I will repeat myself. I am not, nor will I ever be, a Bible scholar. But I do know a few things. The Bible is filled with gruesome and violent tales, there are lots of rules and prophecies, and there’s a whole lot of eating going on.
Since I was raised Catholic, we were not encouraged to actually read The Bible and spout out chapters and verses. I remember getting little red copies of the New Testament in grade school, but I was never able to get past the “begats.” In my freshman year of college, I took a humanities class where we studied a few books of The Bible and discussed them as literature. I managed to read all of Genesis and get the gist of Exodus, so after college, I thought I might pick up where I left off with Leviticus.
This was the book that kick-started the idea of moralizing about food within the whole judeo-christian-islamic belief complex. There’s all this stuff about what to eat and what not to eat in Leviticus and later in Deuteronomy. I especially like the rules about not eating the meat of a baby goat that’s cooked in its mother’s milk. So you have to realize that people must have been doing a whole lot of that if they had to make a rule against it, right?

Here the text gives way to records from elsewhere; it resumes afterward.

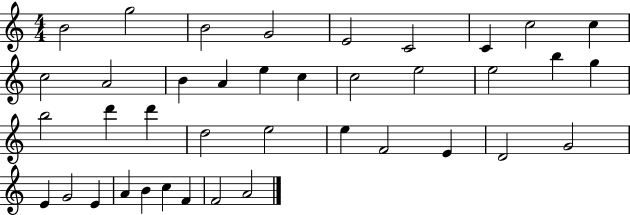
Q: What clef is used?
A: treble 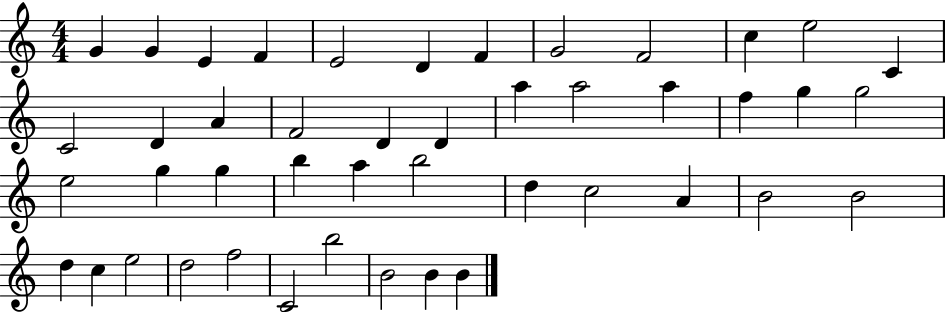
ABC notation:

X:1
T:Untitled
M:4/4
L:1/4
K:C
G G E F E2 D F G2 F2 c e2 C C2 D A F2 D D a a2 a f g g2 e2 g g b a b2 d c2 A B2 B2 d c e2 d2 f2 C2 b2 B2 B B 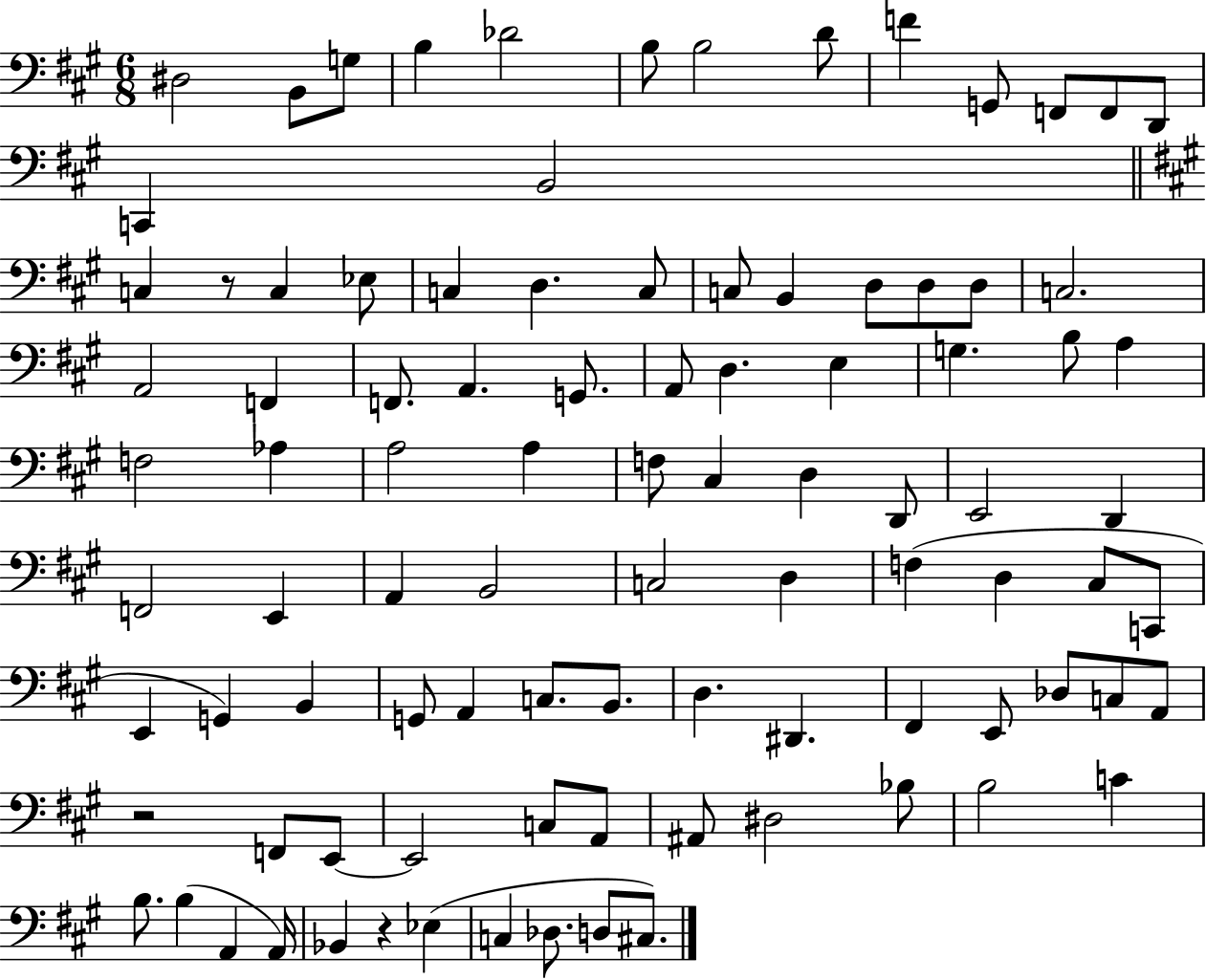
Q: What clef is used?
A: bass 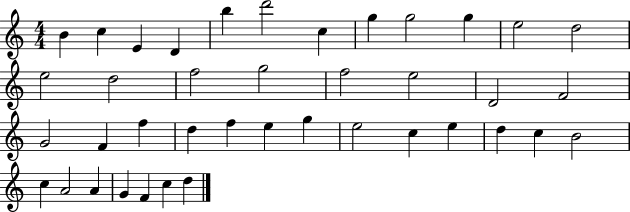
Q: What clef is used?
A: treble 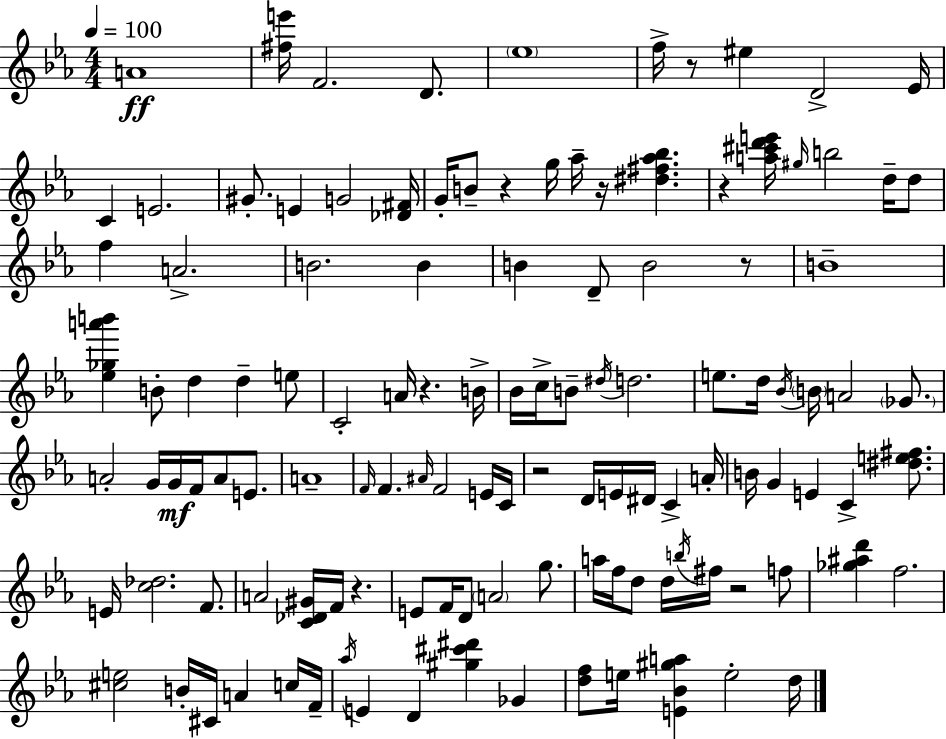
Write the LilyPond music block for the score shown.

{
  \clef treble
  \numericTimeSignature
  \time 4/4
  \key c \minor
  \tempo 4 = 100
  a'1\ff | <fis'' e'''>16 f'2. d'8. | \parenthesize ees''1 | f''16-> r8 eis''4 d'2-> ees'16 | \break c'4 e'2. | gis'8.-. e'4 g'2 <des' fis'>16 | g'16-. b'8-- r4 g''16 aes''16-- r16 <dis'' fis'' aes'' bes''>4. | r4 <a'' cis''' d''' e'''>16 \grace { gis''16 } b''2 d''16-- d''8 | \break f''4 a'2.-> | b'2. b'4 | b'4 d'8-- b'2 r8 | b'1-- | \break <ees'' ges'' a''' b'''>4 b'8-. d''4 d''4-- e''8 | c'2-. a'16 r4. | b'16-> bes'16 c''16-> b'8-- \acciaccatura { dis''16 } d''2. | e''8. d''16 \acciaccatura { bes'16 } \parenthesize b'16 a'2 | \break \parenthesize ges'8. a'2-. g'16 g'16\mf f'16 a'8 | e'8. a'1-- | \grace { f'16 } f'4. \grace { ais'16 } f'2 | e'16 c'16 r2 d'16 e'16 dis'16 | \break c'4-> a'16-. b'16 g'4 e'4 c'4-> | <dis'' e'' fis''>8. e'16 <c'' des''>2. | f'8. a'2 <c' des' gis'>16 f'16 r4. | e'8 f'16 d'8 \parenthesize a'2 | \break g''8. a''16 f''16 d''8 d''16 \acciaccatura { b''16 } fis''16 r2 | f''8 <ges'' ais'' d'''>4 f''2. | <cis'' e''>2 b'16-. cis'16 | a'4 c''16 f'16-- \acciaccatura { aes''16 } e'4 d'4 <gis'' cis''' dis'''>4 | \break ges'4 <d'' f''>8 e''16 <e' bes' gis'' a''>4 e''2-. | d''16 \bar "|."
} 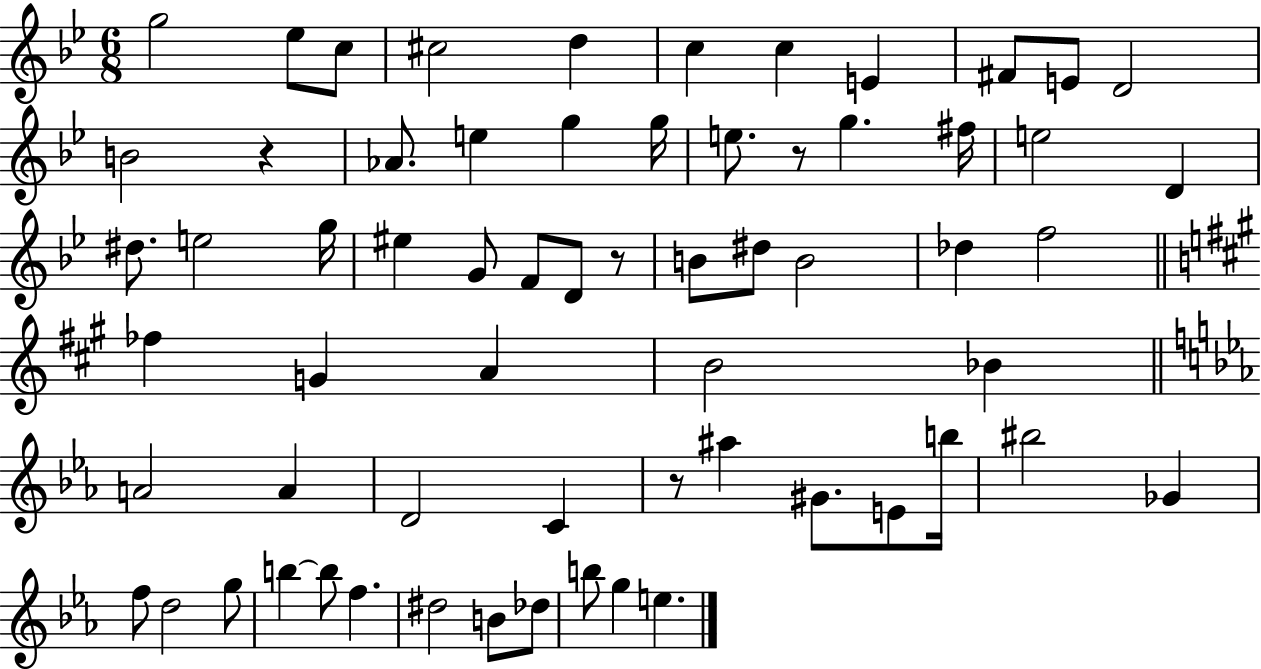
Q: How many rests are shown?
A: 4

Sure, there are some good common sense reasons not to eat vultures and pigs, who will eat just about anything. Best to stick to the chickens and the “cud-chewers,” who can keep us closer to the top of the food chain. Oh, and vegetables, of course.
It reminds me once again of the ancient Mexican tribes who shared their peyote trips on down the line. Of course, in this situation, only the priests were able to remain “clean.” At least with the early people of God, they shared their superiority with each other and only dumped the unclean food on foreigners and outsiders.